A man’s brain is designed differently. Men generally cannot concentrate on more than one subject at any one time. Whatever occupies his mind tends to fully occupy his mind, and if he becomes distracted, then the distraction tends to fully occupy his mind. Men therefore have the ability to have a subject fully occupy their minds to the exclusion of all other subjects, including attending to their own welfare.
Women can learn to become more thoughtful by improving learned behaviours. However, men must address a fundamental physiological challenge. If this challenge is successfully addressed, then the benefits to the marriage are invaluable, and can result in both partners enjoying a relatively high level of contentment in a marriage. Men should not feel guilty or frustrated that they do not think about their wives all day while concentrating on their work. They should simply accept that they are men and try to identify the correct tool for the job.
There are various tools that a man can use in this regard. Diaries and calendars are some of the more popular. Men can assign at least one day each month where they plan something special for their wives. Some of the more popular plans include taking her out to lunch, dinner, dessert, or planning a weekend vacation. These plans should be assigned a high priority to increase the likelihood of them being implemented.
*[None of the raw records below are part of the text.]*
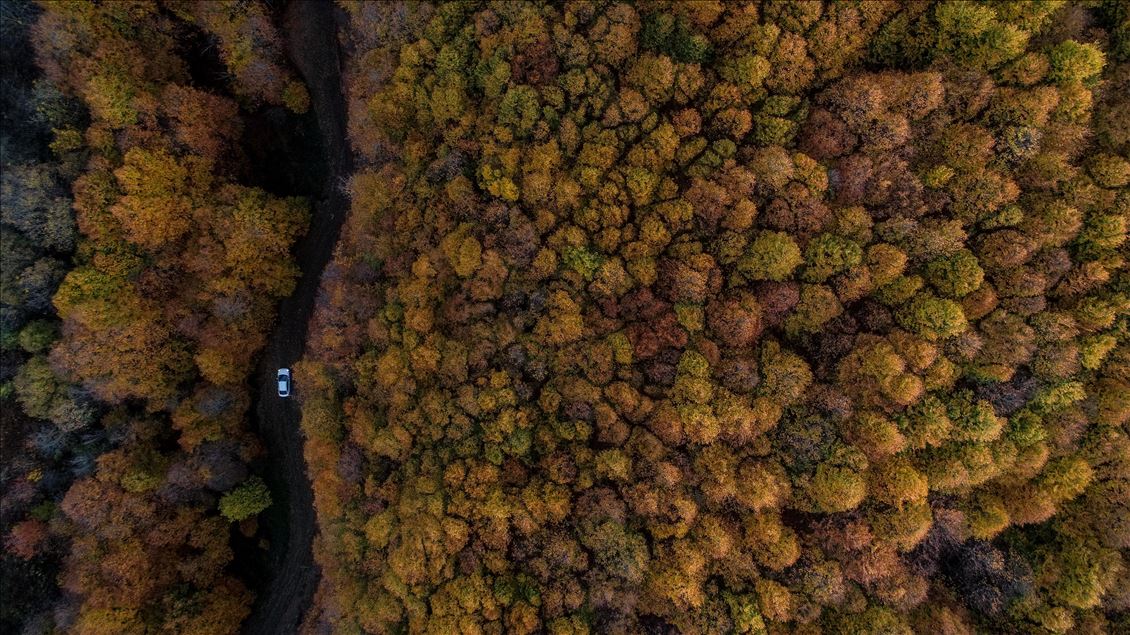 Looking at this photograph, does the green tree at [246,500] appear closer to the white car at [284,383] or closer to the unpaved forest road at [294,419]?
the unpaved forest road at [294,419]

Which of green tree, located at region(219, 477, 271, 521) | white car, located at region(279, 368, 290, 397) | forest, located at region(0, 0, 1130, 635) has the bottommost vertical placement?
green tree, located at region(219, 477, 271, 521)

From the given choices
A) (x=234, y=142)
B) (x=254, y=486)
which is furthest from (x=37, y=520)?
(x=234, y=142)

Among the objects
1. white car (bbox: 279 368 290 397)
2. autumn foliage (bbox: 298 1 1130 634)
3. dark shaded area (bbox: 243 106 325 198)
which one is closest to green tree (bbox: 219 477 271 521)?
white car (bbox: 279 368 290 397)

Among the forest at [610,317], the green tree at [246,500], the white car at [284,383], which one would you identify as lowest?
the green tree at [246,500]

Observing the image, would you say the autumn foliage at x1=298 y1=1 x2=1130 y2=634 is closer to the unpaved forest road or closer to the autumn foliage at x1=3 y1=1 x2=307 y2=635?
the unpaved forest road

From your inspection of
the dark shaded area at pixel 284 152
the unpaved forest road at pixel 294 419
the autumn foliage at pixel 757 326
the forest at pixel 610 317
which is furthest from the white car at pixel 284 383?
the dark shaded area at pixel 284 152

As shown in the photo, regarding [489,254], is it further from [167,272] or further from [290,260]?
[167,272] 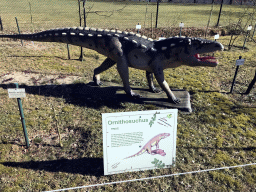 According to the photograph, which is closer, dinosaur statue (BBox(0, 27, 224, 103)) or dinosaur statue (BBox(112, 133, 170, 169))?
dinosaur statue (BBox(112, 133, 170, 169))

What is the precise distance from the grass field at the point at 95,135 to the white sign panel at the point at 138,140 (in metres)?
0.27

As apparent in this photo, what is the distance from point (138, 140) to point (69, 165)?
4.68 ft

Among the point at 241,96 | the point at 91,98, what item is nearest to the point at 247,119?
the point at 241,96

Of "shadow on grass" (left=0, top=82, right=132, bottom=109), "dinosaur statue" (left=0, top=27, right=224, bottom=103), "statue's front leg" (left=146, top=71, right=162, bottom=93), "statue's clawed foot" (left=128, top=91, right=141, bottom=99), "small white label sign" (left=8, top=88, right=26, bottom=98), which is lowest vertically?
"shadow on grass" (left=0, top=82, right=132, bottom=109)

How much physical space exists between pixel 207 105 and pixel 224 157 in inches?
81.9

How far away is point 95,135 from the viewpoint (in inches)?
177

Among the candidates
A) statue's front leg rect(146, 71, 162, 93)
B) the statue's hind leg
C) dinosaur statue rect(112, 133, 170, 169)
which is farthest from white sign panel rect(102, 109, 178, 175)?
the statue's hind leg

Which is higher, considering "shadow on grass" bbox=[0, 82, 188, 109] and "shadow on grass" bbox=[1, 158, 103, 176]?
"shadow on grass" bbox=[0, 82, 188, 109]

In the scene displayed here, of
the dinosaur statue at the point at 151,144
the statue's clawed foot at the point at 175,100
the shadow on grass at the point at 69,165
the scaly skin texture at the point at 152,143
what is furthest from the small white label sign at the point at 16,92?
the statue's clawed foot at the point at 175,100

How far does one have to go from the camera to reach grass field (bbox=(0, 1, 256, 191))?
11.6ft

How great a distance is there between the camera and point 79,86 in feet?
21.2

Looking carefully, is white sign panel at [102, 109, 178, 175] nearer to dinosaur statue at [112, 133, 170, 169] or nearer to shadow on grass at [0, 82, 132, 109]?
dinosaur statue at [112, 133, 170, 169]

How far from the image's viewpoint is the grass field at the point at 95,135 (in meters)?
3.54

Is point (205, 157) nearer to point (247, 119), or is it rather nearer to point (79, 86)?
point (247, 119) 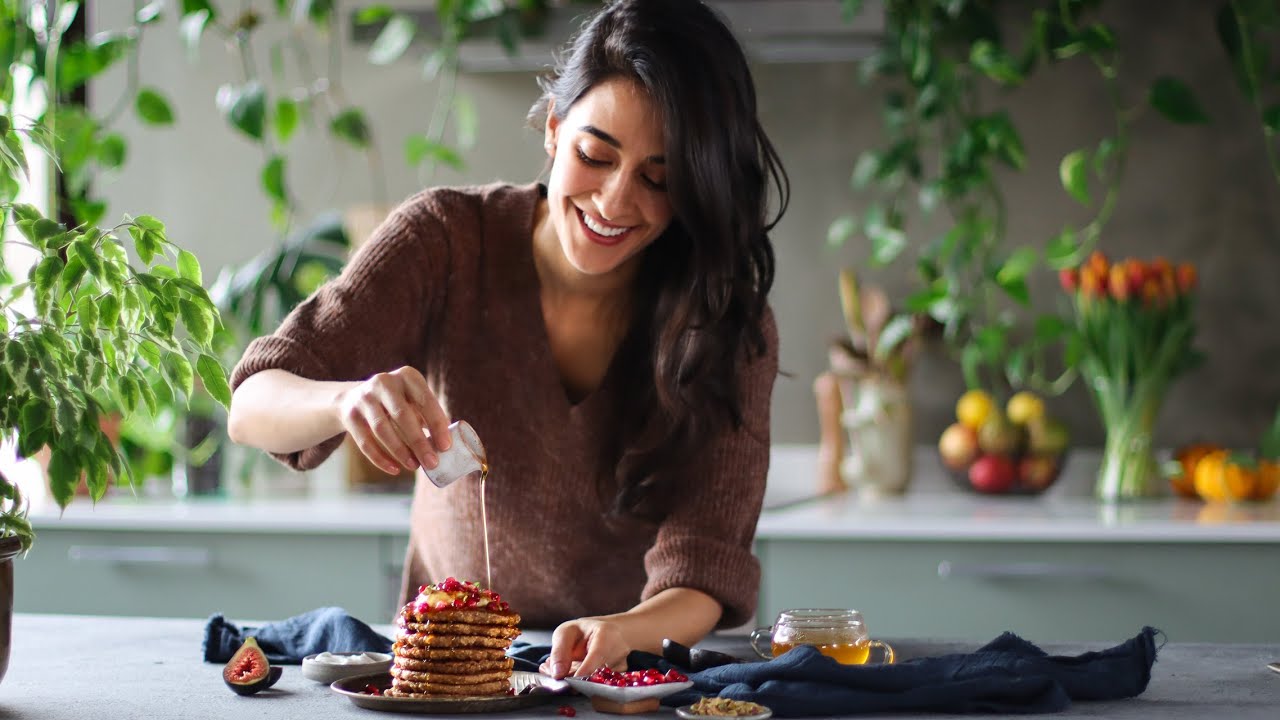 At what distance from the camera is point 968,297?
306cm

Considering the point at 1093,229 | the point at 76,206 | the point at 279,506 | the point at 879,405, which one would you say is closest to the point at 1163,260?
the point at 1093,229

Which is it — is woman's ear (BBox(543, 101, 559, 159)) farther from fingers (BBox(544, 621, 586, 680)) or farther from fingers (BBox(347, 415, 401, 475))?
fingers (BBox(544, 621, 586, 680))

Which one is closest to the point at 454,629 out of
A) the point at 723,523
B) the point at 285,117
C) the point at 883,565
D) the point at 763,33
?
the point at 723,523

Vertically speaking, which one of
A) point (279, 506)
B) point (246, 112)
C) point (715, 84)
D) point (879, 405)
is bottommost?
point (279, 506)

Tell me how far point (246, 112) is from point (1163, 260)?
2.02m

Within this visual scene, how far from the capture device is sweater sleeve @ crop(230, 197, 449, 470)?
1608mm

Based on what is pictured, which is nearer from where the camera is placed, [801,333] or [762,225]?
[762,225]

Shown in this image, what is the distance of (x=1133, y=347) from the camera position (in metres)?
2.88

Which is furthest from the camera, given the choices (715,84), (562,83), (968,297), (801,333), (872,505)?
(801,333)

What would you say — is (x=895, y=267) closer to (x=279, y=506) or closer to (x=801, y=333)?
(x=801, y=333)

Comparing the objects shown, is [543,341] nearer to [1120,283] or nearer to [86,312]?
[86,312]

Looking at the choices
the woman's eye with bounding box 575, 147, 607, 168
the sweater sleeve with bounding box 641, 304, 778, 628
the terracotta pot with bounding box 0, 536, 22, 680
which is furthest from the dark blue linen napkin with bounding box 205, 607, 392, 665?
the woman's eye with bounding box 575, 147, 607, 168

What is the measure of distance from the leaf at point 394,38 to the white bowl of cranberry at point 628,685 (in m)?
1.95

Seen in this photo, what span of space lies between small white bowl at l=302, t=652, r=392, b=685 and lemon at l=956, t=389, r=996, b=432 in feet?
6.37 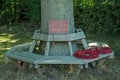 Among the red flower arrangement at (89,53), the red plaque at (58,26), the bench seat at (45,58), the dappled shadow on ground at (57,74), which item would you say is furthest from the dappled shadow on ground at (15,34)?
the red flower arrangement at (89,53)

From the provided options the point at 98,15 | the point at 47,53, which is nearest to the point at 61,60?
the point at 47,53

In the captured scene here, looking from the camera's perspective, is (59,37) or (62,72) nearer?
(59,37)

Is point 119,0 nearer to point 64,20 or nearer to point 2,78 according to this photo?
point 64,20

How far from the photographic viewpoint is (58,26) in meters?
5.41

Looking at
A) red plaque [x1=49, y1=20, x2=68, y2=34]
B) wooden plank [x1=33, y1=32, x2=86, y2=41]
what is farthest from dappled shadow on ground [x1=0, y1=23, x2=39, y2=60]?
red plaque [x1=49, y1=20, x2=68, y2=34]

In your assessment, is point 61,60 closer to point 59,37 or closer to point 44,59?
point 44,59

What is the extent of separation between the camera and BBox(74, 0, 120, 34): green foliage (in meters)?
8.88

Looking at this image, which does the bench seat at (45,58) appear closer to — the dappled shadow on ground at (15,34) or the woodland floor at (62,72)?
the woodland floor at (62,72)

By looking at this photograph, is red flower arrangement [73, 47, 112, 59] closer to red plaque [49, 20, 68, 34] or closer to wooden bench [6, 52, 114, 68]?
wooden bench [6, 52, 114, 68]

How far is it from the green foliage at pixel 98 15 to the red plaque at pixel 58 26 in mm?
3606

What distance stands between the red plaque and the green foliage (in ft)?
11.8

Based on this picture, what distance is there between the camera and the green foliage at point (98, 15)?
349 inches

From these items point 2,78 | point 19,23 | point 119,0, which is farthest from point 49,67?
point 19,23

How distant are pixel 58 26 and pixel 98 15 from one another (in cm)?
396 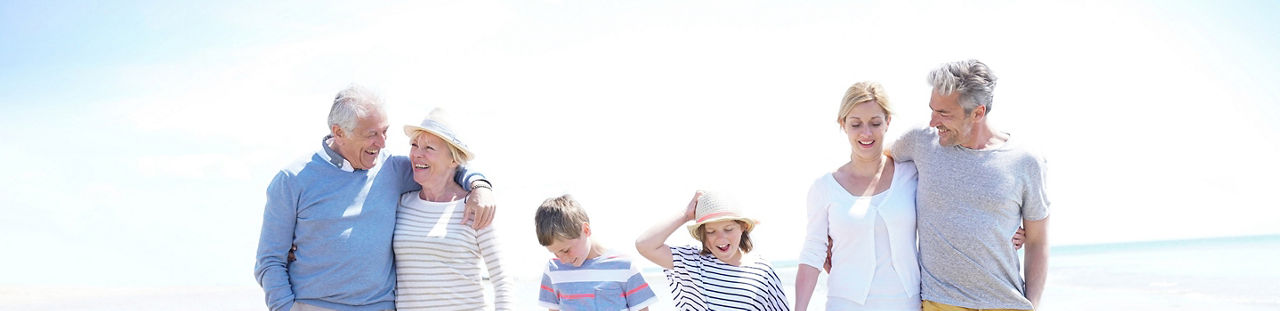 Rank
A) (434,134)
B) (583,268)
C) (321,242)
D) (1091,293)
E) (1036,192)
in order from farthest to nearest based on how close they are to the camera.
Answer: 1. (1091,293)
2. (583,268)
3. (434,134)
4. (321,242)
5. (1036,192)

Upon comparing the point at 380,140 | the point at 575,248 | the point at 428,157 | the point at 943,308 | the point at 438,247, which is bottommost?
the point at 943,308

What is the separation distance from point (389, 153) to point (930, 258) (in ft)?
7.72

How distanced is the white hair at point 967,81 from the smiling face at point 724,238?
96 centimetres

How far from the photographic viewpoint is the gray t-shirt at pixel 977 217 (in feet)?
10.2

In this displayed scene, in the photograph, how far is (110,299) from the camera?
38.1ft

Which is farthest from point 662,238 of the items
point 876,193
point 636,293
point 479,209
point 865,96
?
point 865,96

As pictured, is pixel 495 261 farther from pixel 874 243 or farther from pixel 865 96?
pixel 865 96

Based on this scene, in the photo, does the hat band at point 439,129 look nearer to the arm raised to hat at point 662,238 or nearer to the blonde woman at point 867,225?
the arm raised to hat at point 662,238

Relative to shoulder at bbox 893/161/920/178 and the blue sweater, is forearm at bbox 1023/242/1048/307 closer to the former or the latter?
shoulder at bbox 893/161/920/178

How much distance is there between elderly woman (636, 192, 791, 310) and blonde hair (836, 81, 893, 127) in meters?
0.61

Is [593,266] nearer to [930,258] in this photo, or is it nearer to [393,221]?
[393,221]

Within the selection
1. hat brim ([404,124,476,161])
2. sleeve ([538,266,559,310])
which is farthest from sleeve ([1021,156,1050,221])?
hat brim ([404,124,476,161])

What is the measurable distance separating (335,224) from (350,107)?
0.47m

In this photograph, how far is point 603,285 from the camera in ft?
11.3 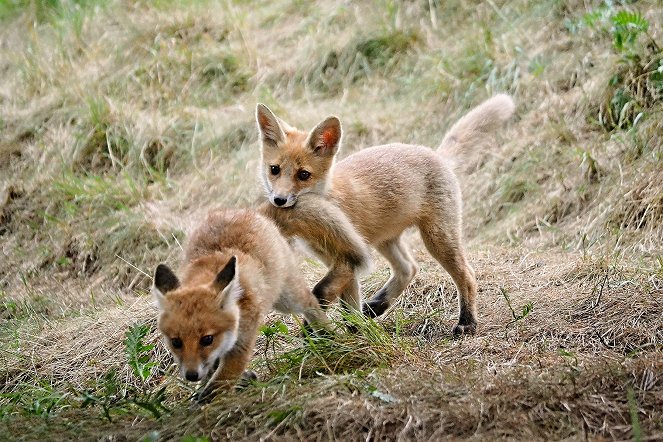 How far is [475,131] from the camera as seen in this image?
7043 millimetres

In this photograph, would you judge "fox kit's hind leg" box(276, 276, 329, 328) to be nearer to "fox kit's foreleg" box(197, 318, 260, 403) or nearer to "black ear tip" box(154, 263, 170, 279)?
"fox kit's foreleg" box(197, 318, 260, 403)

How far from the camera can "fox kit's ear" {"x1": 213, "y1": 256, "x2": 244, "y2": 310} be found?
14.5 feet

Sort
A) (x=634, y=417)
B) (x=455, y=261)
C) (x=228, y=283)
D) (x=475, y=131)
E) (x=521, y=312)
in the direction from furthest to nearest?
(x=475, y=131)
(x=455, y=261)
(x=521, y=312)
(x=228, y=283)
(x=634, y=417)

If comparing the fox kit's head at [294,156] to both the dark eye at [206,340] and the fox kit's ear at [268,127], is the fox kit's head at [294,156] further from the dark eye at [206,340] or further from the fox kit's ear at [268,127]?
the dark eye at [206,340]

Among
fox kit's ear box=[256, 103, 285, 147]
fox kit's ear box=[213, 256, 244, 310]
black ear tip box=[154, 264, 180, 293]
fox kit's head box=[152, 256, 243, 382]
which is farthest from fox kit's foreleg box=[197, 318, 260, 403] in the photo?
fox kit's ear box=[256, 103, 285, 147]

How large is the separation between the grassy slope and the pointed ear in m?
1.22

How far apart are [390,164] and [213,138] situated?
3.85 m

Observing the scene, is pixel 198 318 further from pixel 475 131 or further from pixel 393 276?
pixel 475 131

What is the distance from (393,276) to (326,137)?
1180mm

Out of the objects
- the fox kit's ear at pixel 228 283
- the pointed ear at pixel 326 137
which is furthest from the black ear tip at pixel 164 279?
the pointed ear at pixel 326 137

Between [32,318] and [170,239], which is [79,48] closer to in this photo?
[170,239]

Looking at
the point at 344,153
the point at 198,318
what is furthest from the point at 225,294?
the point at 344,153

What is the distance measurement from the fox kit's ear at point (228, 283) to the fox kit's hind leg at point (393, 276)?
6.82 ft

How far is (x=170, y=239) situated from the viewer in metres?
8.41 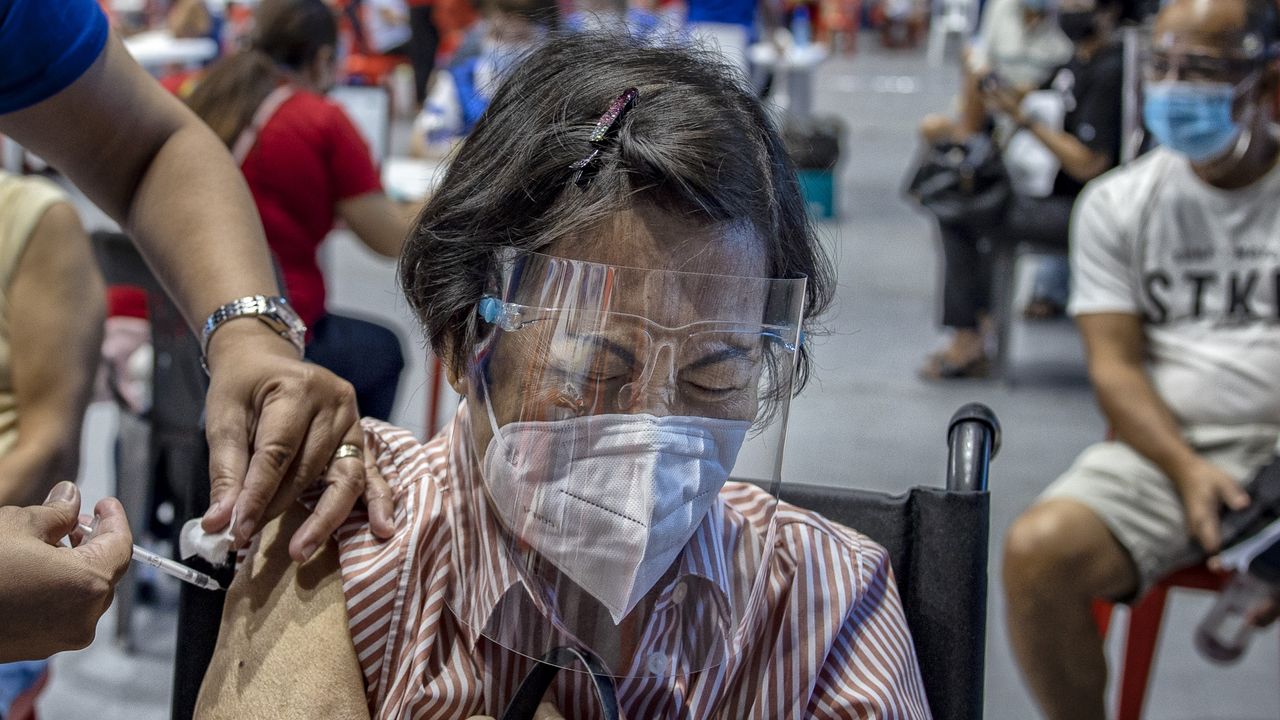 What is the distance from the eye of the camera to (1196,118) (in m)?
2.47

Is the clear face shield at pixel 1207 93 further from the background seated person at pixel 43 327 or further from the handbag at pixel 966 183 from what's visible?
the background seated person at pixel 43 327

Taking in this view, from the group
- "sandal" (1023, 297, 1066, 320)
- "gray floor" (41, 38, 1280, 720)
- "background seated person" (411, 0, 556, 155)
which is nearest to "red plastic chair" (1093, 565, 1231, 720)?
"gray floor" (41, 38, 1280, 720)

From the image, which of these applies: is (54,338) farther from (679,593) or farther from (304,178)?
(679,593)

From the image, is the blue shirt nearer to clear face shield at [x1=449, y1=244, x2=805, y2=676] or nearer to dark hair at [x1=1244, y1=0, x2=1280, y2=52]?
clear face shield at [x1=449, y1=244, x2=805, y2=676]

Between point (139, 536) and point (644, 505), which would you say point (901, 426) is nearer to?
point (139, 536)

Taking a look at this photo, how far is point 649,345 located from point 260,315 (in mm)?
450

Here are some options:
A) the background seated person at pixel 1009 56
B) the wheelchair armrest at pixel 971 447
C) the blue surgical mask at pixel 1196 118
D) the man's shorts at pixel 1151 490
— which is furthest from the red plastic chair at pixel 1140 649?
the background seated person at pixel 1009 56

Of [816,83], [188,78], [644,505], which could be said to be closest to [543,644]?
[644,505]

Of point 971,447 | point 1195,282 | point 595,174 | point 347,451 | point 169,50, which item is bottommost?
point 169,50

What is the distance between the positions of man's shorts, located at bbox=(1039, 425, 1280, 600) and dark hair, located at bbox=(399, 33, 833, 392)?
4.24ft

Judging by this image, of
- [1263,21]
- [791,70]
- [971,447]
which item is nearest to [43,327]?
[971,447]

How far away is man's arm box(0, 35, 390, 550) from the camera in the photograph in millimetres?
1097

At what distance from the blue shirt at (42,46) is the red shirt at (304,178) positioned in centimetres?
171

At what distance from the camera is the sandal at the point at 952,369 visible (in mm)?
4648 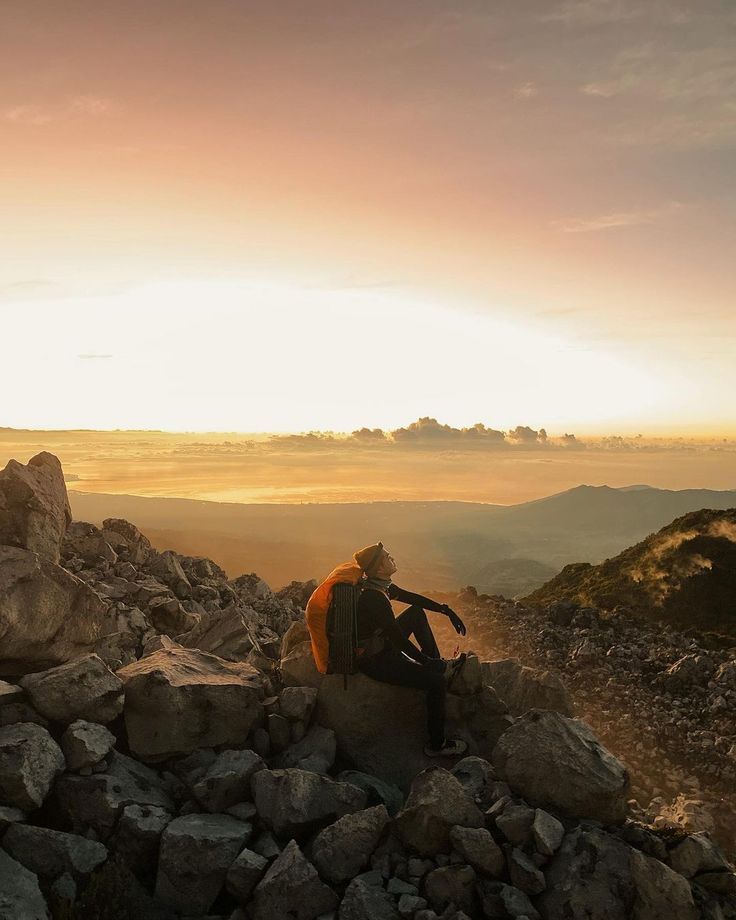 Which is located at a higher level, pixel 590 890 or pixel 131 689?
pixel 131 689

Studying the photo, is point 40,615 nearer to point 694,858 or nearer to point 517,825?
point 517,825

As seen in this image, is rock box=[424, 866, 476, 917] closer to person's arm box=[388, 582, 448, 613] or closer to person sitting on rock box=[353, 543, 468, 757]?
person sitting on rock box=[353, 543, 468, 757]

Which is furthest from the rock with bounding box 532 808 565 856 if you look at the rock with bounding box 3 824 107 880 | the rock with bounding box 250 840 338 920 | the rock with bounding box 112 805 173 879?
the rock with bounding box 3 824 107 880

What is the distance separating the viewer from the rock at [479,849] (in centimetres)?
872

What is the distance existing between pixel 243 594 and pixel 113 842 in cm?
1768

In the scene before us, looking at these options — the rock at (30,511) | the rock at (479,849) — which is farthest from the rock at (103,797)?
the rock at (30,511)

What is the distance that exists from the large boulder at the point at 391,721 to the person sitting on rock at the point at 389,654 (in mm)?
466

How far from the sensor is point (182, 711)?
11.0 metres

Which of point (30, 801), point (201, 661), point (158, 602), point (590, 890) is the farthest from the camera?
point (158, 602)

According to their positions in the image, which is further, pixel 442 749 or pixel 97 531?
pixel 97 531

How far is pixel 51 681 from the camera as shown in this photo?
10.8m

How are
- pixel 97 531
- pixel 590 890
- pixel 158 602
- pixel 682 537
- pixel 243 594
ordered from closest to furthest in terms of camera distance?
pixel 590 890 < pixel 158 602 < pixel 97 531 < pixel 243 594 < pixel 682 537

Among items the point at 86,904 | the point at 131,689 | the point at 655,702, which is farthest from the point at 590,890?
the point at 655,702

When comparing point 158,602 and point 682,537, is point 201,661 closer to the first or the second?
point 158,602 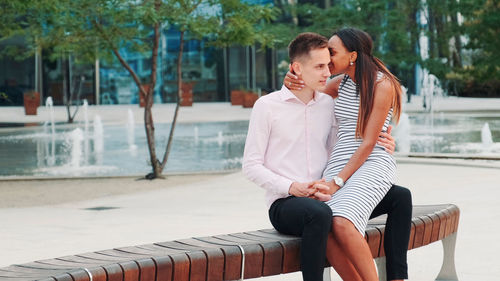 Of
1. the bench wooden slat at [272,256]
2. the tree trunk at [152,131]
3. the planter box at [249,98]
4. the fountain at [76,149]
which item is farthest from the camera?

A man will tend to become more thoughtful as he demonstratively assigns a higher priority to his wife in relation to his other responsibilities. Men should therefore not try to change the way that they were created. Rather they should seek to employ the necessary tools to enable them to address any challenge without denying, rejecting, or trying to change their maleness.
On that note, I will shortly be taking on different responsibilities, which would necessitate me taking a leave of absence from writing this column for a few weeks. I wish to thank you for your interest in these articles.